*** Data excerpts

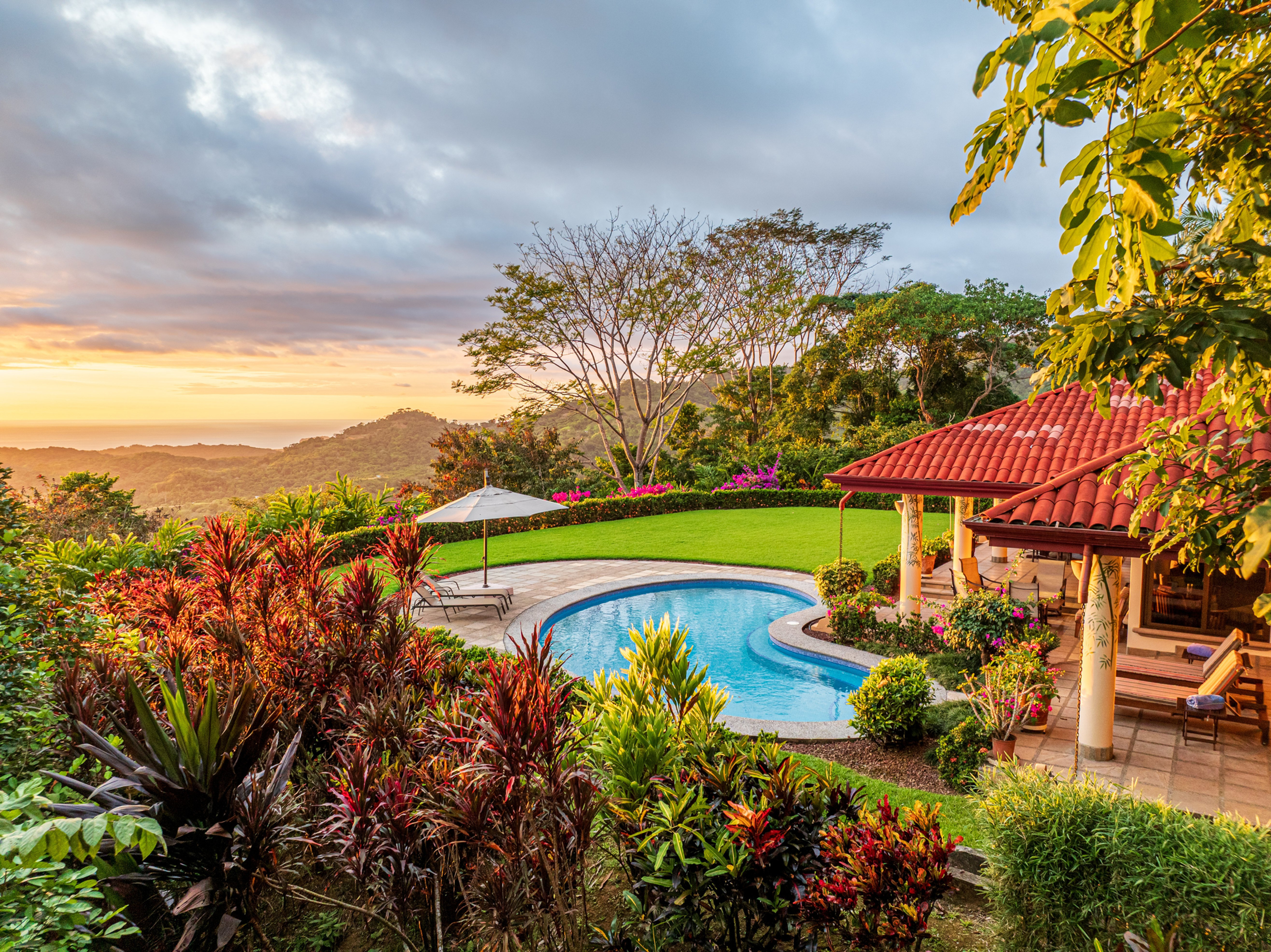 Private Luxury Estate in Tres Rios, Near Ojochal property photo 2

******
*** Data excerpts

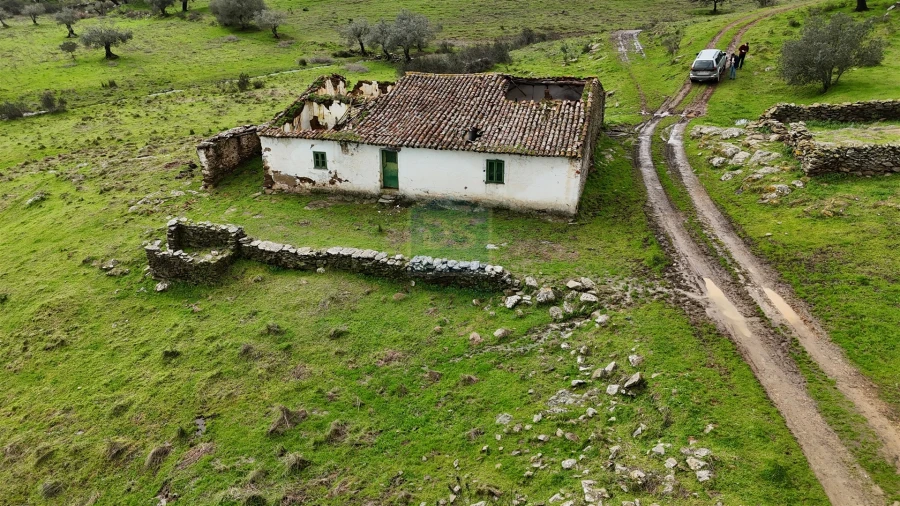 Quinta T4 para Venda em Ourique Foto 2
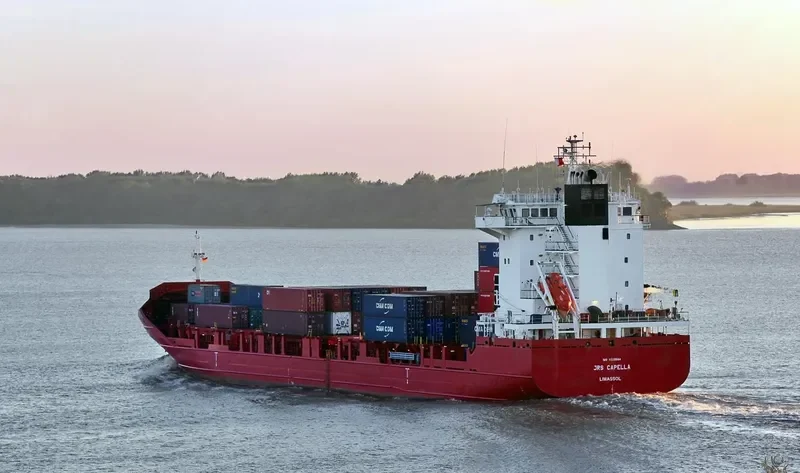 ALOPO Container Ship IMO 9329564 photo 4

******
*** Data excerpts

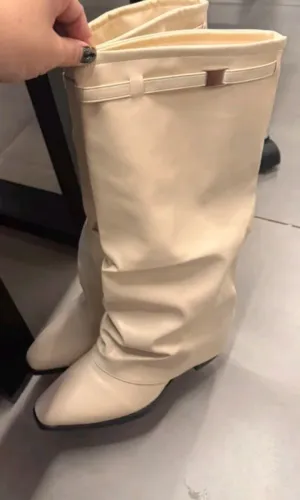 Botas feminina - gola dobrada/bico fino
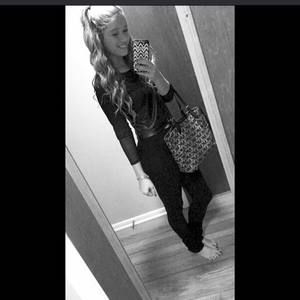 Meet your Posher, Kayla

******

## Task requirements
Starting at the line above that holds "Quinta T4 para Venda em Ourique Foto 2", return each line up to and including the one that holds "ALOPO Container Ship IMO 9329564 photo 4", exactly as written, minus any pictures.

## Result of this exercise
 Quinta T4 para Venda em Ourique Foto 2
 ALOPO Container Ship IMO 9329564 photo 4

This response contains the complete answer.